About the Upper Owens River


Historically the Owens watershed was never home to anything that we would consider as sport fish.  The southern range of the prolific Lahontan Cutthroat of the west’s Great Basin ended just a few miles north of the Owens headwaters.  The only indigenous fish in the Owens were the tiny Owens Valley Pupfish and the Tui Chub.  It was man that introduced the Rainbows, Browns and Cutthroat that proliferate today.  


Though the Owens stretches for about 100 miles along the east Slope of the Sierra’s, the section that is known as the Upper Owens, is about 20 miles long and is located upstream from Crowley Lake to its headwater springs. One of the best features of the Upper Owens, is that it is very easily accessible by most vehicles and is located very close to the resort town of Mammoth Lakes where lodging, food and sporting goods shops abound.  It is also close to one of the Sierra’s most famous waters, Hot Creek.  

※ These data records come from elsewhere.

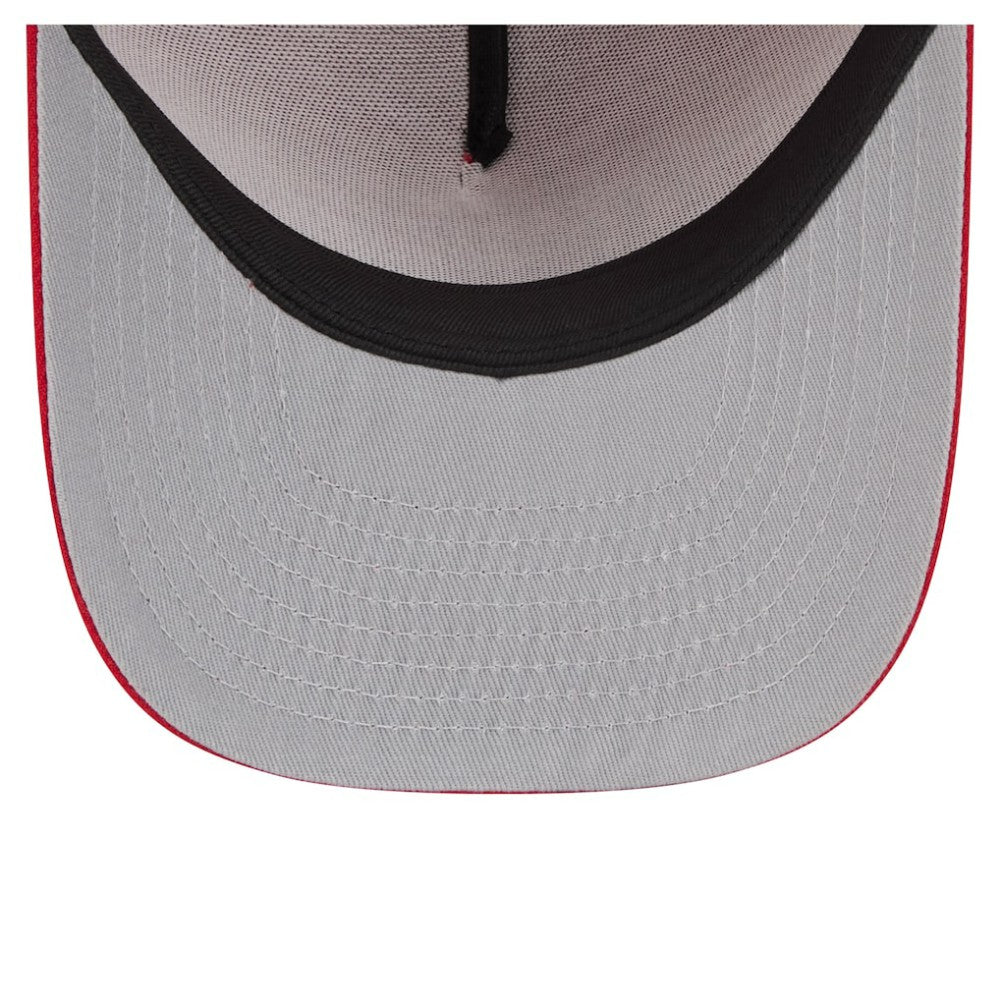 Philadelphia Phillies New Era Youth Logo Fade A-Frame 9FIFTY Snapback Hat - Red Hats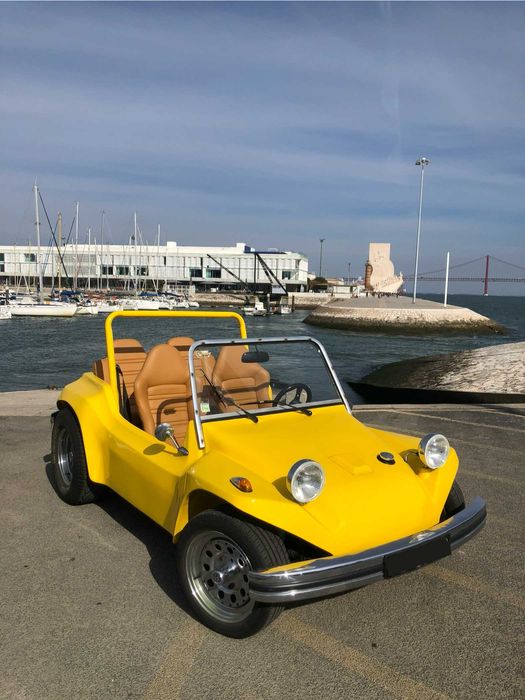 Aluguer VW Buggy Amarelo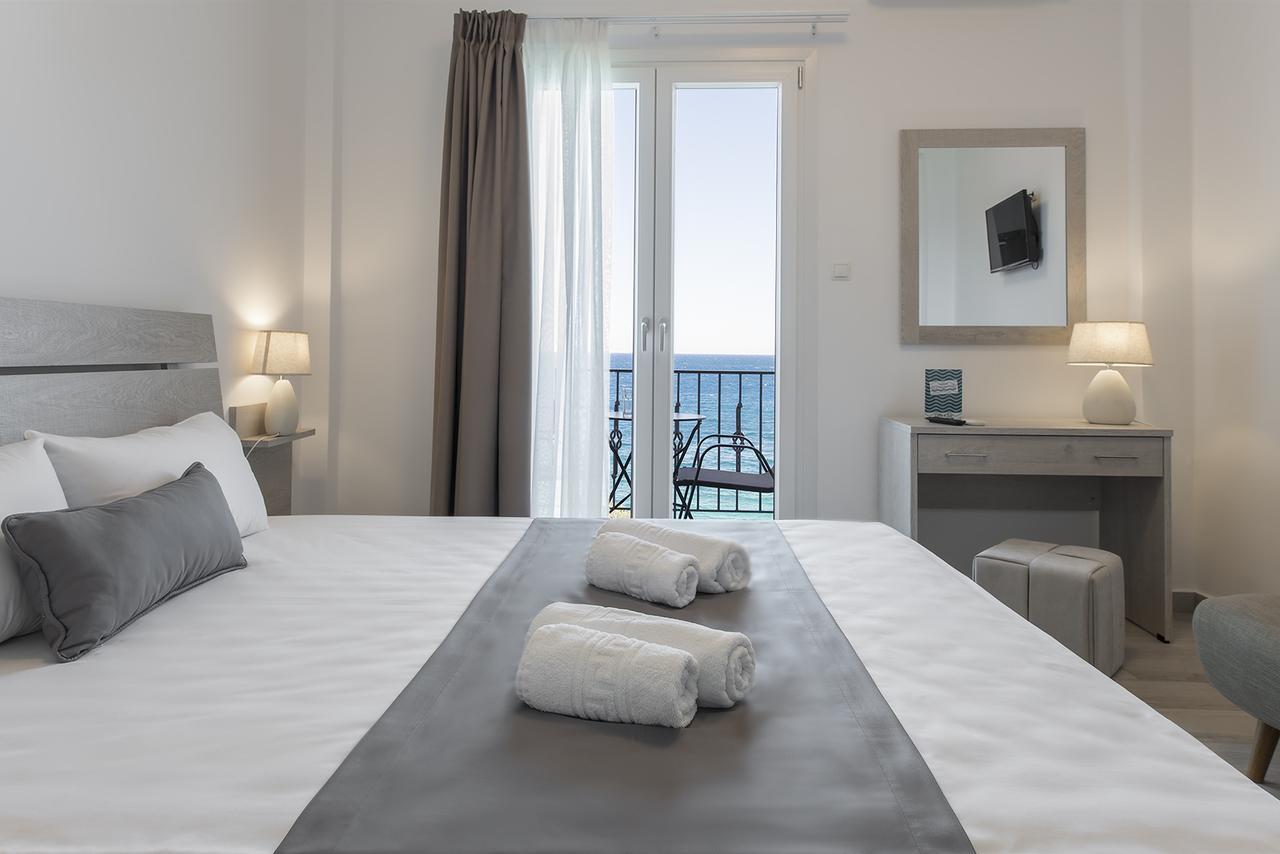 Paraskevas Boutique Hotel Tirós Eksteriør billede
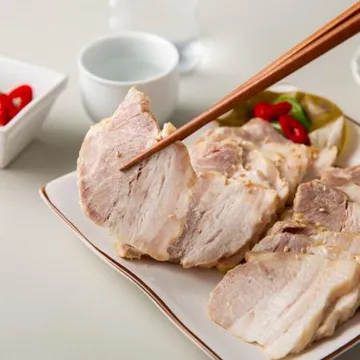 순살 슬라이스 한줄 보쌈 수육 200g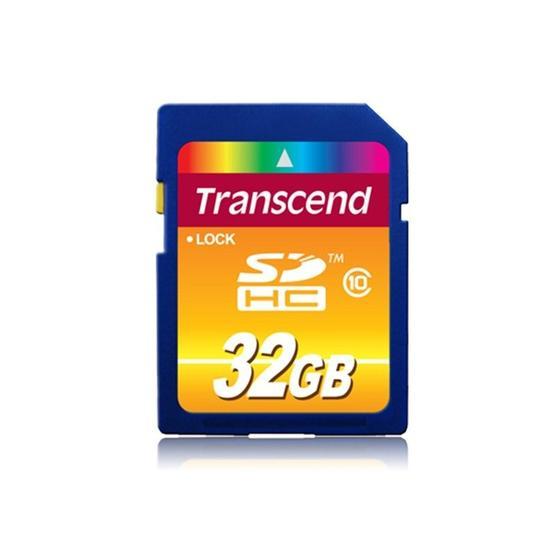 Transcend TS32GSDHC10 32GB Class 10 SDHC Hafıza Kartı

Upper Owens Headwaters Section-Big Springs

The Owens gushes out of a honeycomb of lava tubes near the obsidian peaks just south of resort of June Lakes, CA.  It is reached by turning east off on Owens River Road which is about fifteen miles north of Mammoth Lakes, CA or the same distance south of Lee Vining, CA.  If you travel for about two miles you will come to Big Springs Rd. and if you turn left you will shortly come to a campground and bridge over the Owens headwater.  Upstream of the campground several year round springs flow into the river with the result being that water temperatures and the resulting aquatic habitat stays excellent all year round.  Downstream from the bridge the river tumbles into a small canyon, from pocket to pocket to eventually level out into Long Valley and then on to empty into Crowley Lake.

Upper Owens-Meadow Section

In most peoples minds this is the section that they think about when name upper Owens is mentioned.  Once the freestone headwaters section reaches the valley floor it takes on the classic serpentine spring creek persona as it winds through the sagebrush flats of Long Valley to end at Crowley Lake.  Access to the Owens is good as roads parallel it and much of the land is open to the public.  There are several areas where you can park within fifty yards of the river. 


Though roads are gravel and dirt, 4 wheel drives are not necessary during the summer months but in the spring the roads can be muddy in areas.  The Lower Owens can be reached  by turning east off of Hwy 395 about six miles south of the junction of Hwy 203 (Mammoth Lakes turn off) and Hwy 395.  Proceed north east about seven miles to the bridge.  Dirt and gravel roads parallel the east side of the river. 


The Owens gets regular trout plants during the summer so there are always lots of fish.  There are a good population of wild fish too that are the progeny of spawners that come into the Owens from Crowley Lake in the spring and fall and of course during those times of the year you have a chance to catch some really large fish.  Most of the fish in the Owens are Rainbows and Brown Trout and an occasional Cutthroat.